The single most important setting is interval — the bucket, in seconds, that your observations are resampled onto. Set it to your data's real sampling period. If you record orders once an hour, use 3600. If you have one figure per day, use 86400.

Get this wrong in either direction and the model struggles:

  • Too fine — an interval shorter than your true cadence pads the series with filled-in buckets, spending the context window on noise and empty space instead of signal.
  • Too coarse — an interval longer than your cadence averages real structure away. An hourly demand pattern simply disappears if you bucket it to a day.

The hourly_orders profile uses interval: 3600 because store_metrics records one orders figure per hour. Start by matching the period at which your data actually arrives.

How much history: num_patches and min_patches

These two settings control the most and the least history involved in a prediction.

num_patches is the context window: the maximum number of patches of recent history the model reads. More patches means more past cycles in view, so more seasonality the model can pick up — raise it when you want it to "see" weekly or yearly structure. The gains taper off, though; past a point you are feeding in old history that no longer reflects the present, for more tokens and no better forecast.
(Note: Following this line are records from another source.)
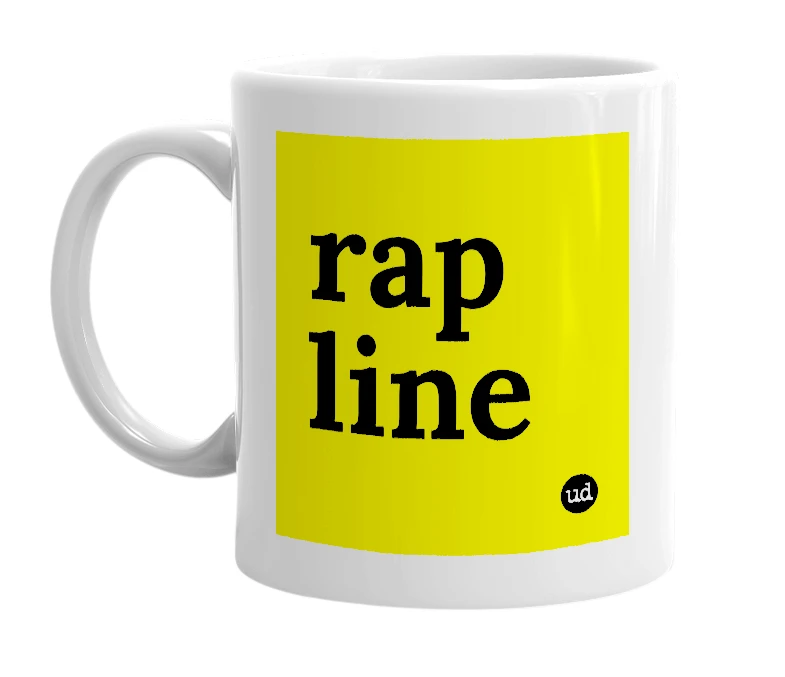 White mug with 'rap line' in bold black letters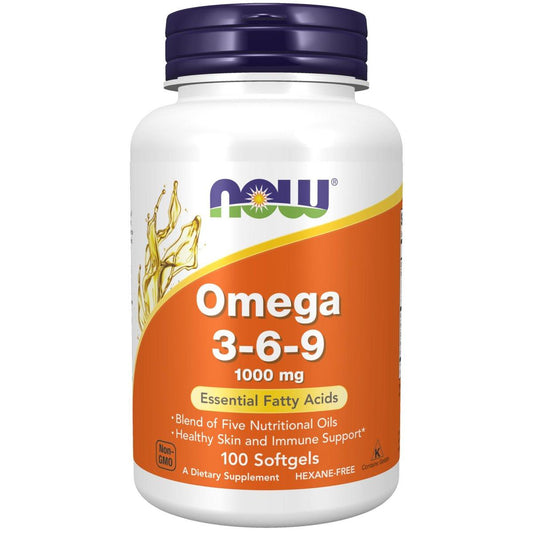 NOW Foods Omega 3-6-9 1000 mg - Mischung aus Leinsamen-, Nachtkerzen-, Raps-, schwarzen Johannisbeer- und Kürbiskernölen, 100 Weichkapseln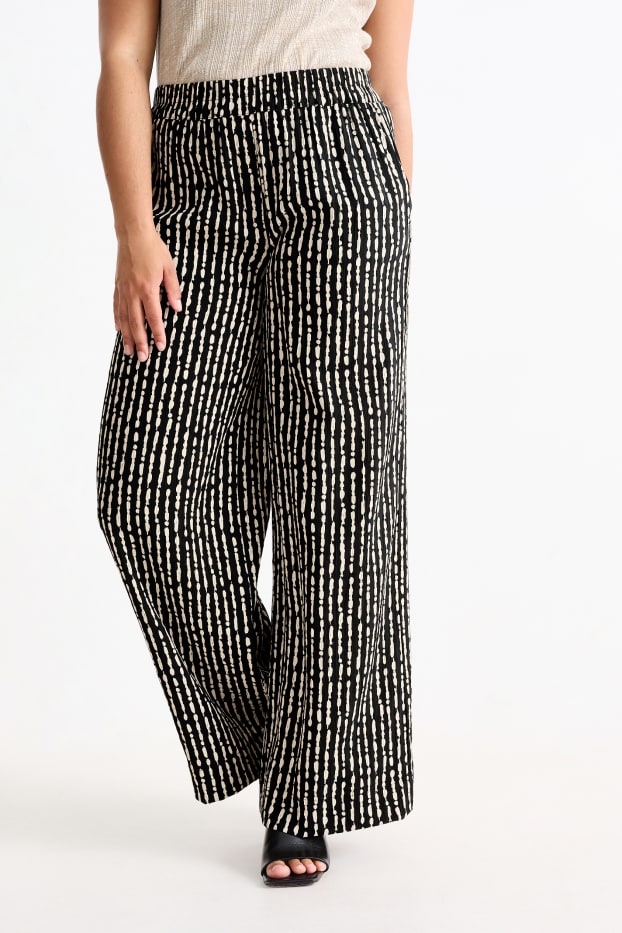 Mujer - Pantalón de tela - high waist - wide leg - estampado - negro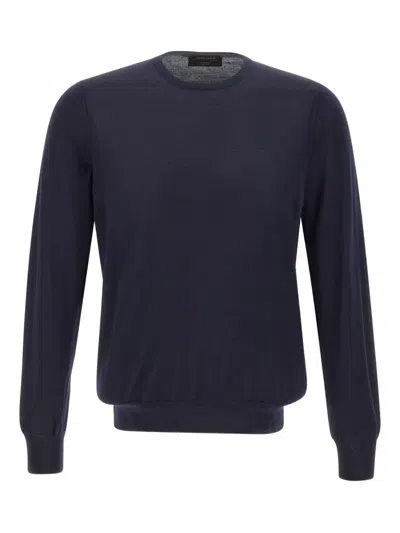 Gran Sasso Crew-neck Ribbed-edge Sweater In Blue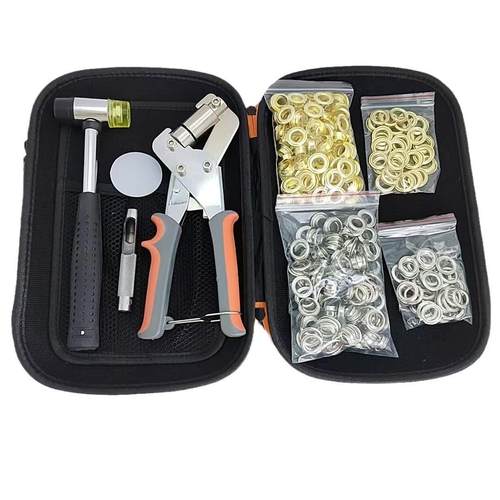 供10.5mm气眼钳工具套装加橡胶锤含200个金银色扣环组合套装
min_patches is the floor: the minimum history a profile requires before it will serve at all. Below it, a predict call returns 409 "Not enough data for this data profile." Raise min_patches when you'd rather refuse a low-confidence forecast than return one built on a handful of points — useful for a brand-new series where an early guess would be misleading.
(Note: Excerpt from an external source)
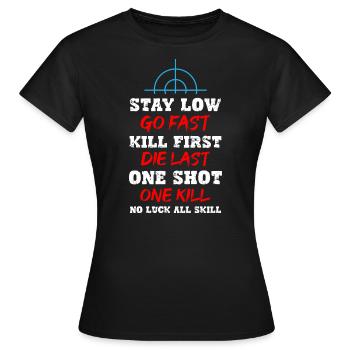 Sniper You Can Run But You Will Just Die Tired - Women's T-Shirt - black - Front - AI Model Female 172 dark (172cm)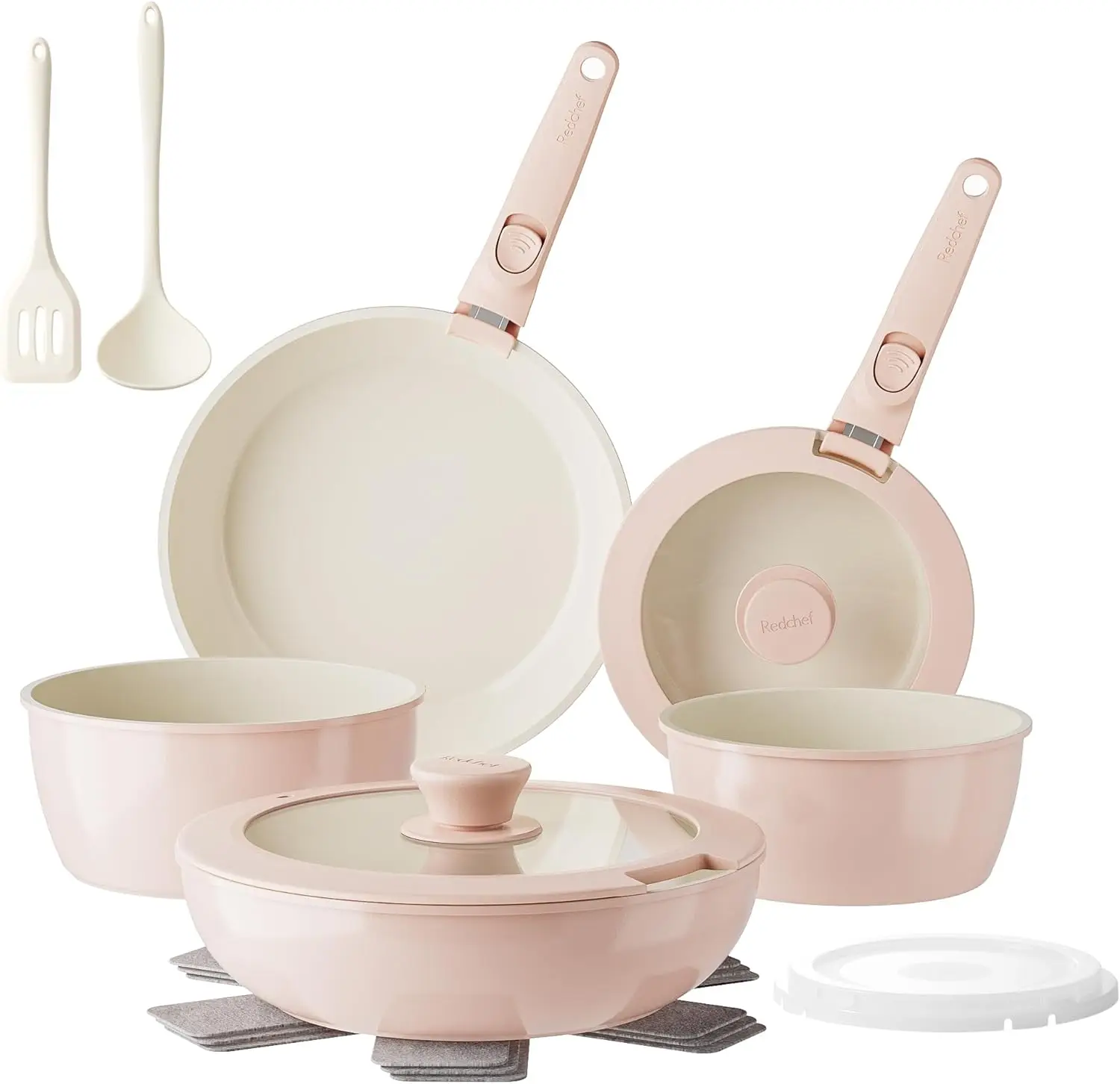 

Nonstick Ceramic Cookware Set with Detachable Handles, 16Pcs Induction Safe Kitchen Pots and Pans, PFAS Free Pink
Think of it as a range: min_patches is "don't even try below this," and num_patches is "stop looking back past this."

Resolution vs. horizon: patch_len and patch_spacing

A patch is the chunk of points the model reads and writes at a time. patch_len sets how many points are in that chunk. patch_spacing sets the stride between the points you actually use — it downsamples the series and, in doing so, stretches how far ahead each generated step reaches.

The key relationship: the effective time step between forecast points is interval * patch_spacing seconds. With interval: 3600 and patch_spacing: 1, each step is one hour. Bump patch_spacing to 3 and each step covers three hours — the same number of generated points now reaches three times further into the future, at coarser resolution.

So this is a trade between detail and reach. Keep spacing tight when you need fine-grained near-term forecasts; widen it when you care about a longer horizon and can accept a coarser step.

Levels vs. growth: use_diffs

use_diffs (the log-diff transform) tells the model to work on relative change — log growth from point to point — instead of the raw level.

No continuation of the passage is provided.